*** DATA SHOWN ***

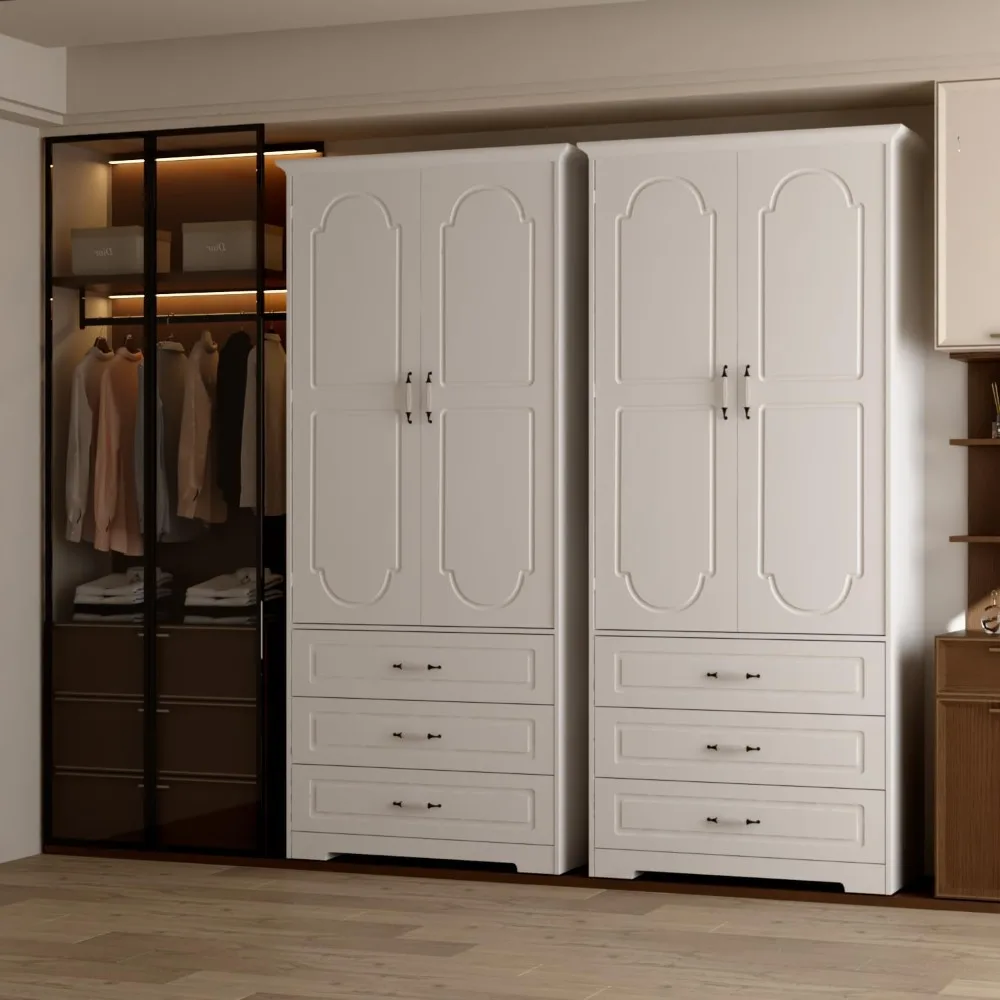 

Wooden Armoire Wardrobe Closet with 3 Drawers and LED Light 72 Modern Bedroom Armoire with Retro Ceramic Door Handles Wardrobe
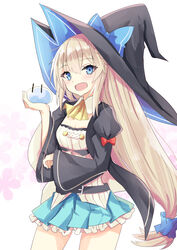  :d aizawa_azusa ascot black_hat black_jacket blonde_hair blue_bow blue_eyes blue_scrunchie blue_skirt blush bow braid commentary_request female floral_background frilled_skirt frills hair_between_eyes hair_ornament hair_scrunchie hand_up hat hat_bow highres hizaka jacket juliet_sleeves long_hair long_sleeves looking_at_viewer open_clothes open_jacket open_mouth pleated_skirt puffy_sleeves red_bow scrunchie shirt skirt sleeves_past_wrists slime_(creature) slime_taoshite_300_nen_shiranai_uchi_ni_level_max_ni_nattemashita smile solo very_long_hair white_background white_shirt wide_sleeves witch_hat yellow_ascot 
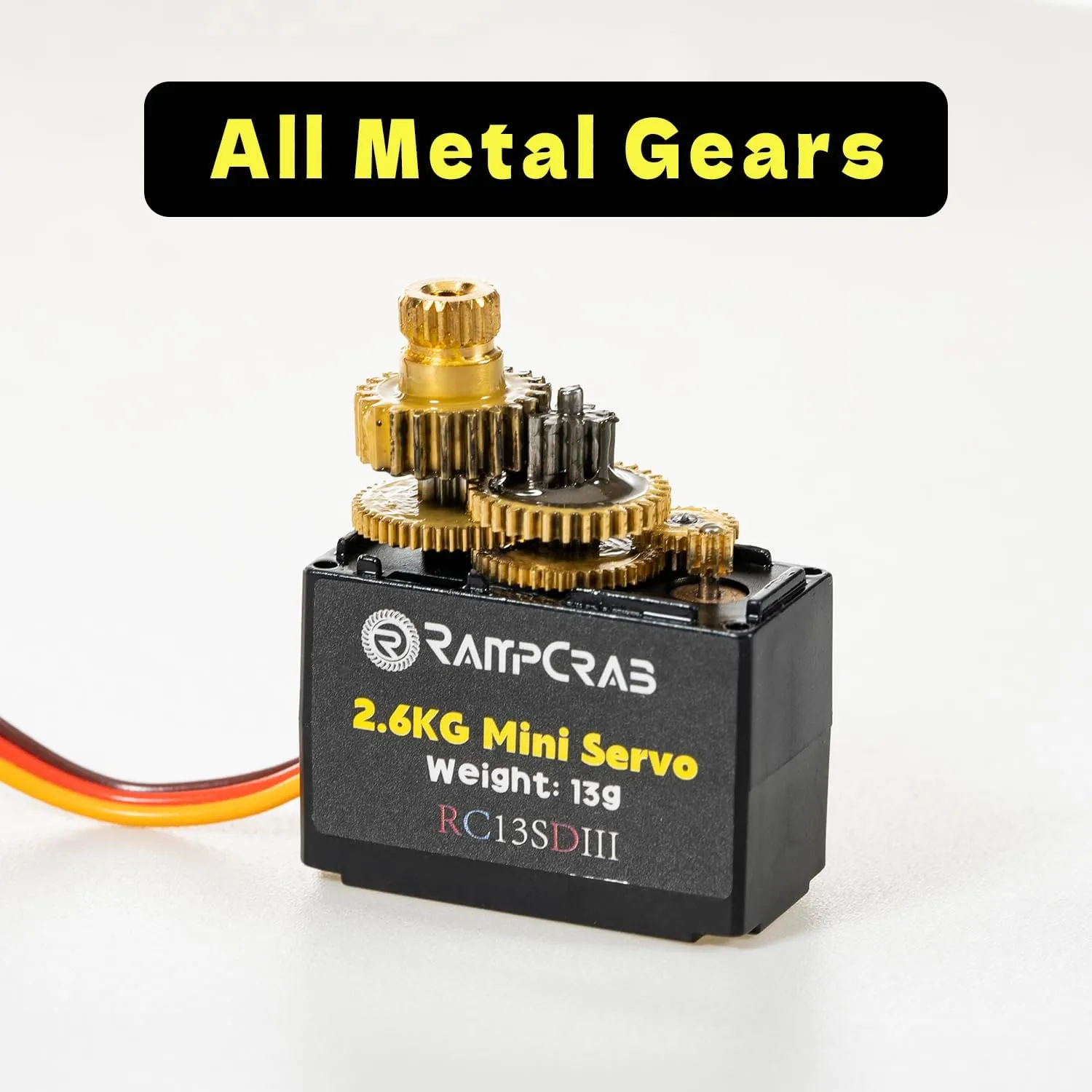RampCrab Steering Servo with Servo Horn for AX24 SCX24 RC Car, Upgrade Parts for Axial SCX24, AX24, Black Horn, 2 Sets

*** End of DATA SHOWN ***

__EXERCISE__
Exact output of each line above is wanted, without the pictures.

__RESPONSE__
Wooden Armoire Wardrobe Closet with 3 Drawers and LED Light 72 Modern Bedroom Armoire with Retro Ceramic Door Handles Wardrobe
  :d aizawa_azusa ascot black_hat black_jacket blonde_hair blue_bow blue_eyes blue_scrunchie blue_skirt blush bow braid commentary_request female floral_background frilled_skirt frills hair_between_eyes hair_ornament hair_scrunchie hand_up hat hat_bow highres hizaka jacket juliet_sleeves long_hair long_sleeves looking_at_viewer open_clothes open_jacket open_mouth pleated_skirt puffy_sleeves red_bow scrunchie shirt skirt sleeves_past_wrists slime_(creature) slime_taoshite_300_nen_shiranai_uchi_ni_level_max_ni_nattemashita smile solo very_long_hair white_background white_shirt wide_sleeves witch_hat yellow_ascot 
RampCrab Steering Servo with Servo Horn for AX24 SCX24 RC Car, Upgrade Parts for Axial SCX24, AX24, Black Horn, 2 Sets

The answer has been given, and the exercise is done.